RAW DATA Start Marker
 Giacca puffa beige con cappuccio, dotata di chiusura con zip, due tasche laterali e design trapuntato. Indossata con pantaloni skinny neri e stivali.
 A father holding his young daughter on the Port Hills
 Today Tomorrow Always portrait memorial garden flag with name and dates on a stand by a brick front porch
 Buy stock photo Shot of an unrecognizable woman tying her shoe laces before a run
RAW DATA End Marker
RAW DATA Start Marker
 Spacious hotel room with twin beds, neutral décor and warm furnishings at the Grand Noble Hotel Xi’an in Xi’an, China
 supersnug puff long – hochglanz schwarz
RAW DATA End Marker
__WORK ITEM__: Copy out, word for word, the part of the entries above that begins at the line with "A father holding" and ends at the line with "Buy stock photo", including both.

__RESULT OF THIS EXERCISE__:
 A father holding his young daughter on the Port Hills
 Today Tomorrow Always portrait memorial garden flag with name and dates on a stand by a brick front porch
 Buy stock photo Shot of an unrecognizable woman tying her shoe laces before a run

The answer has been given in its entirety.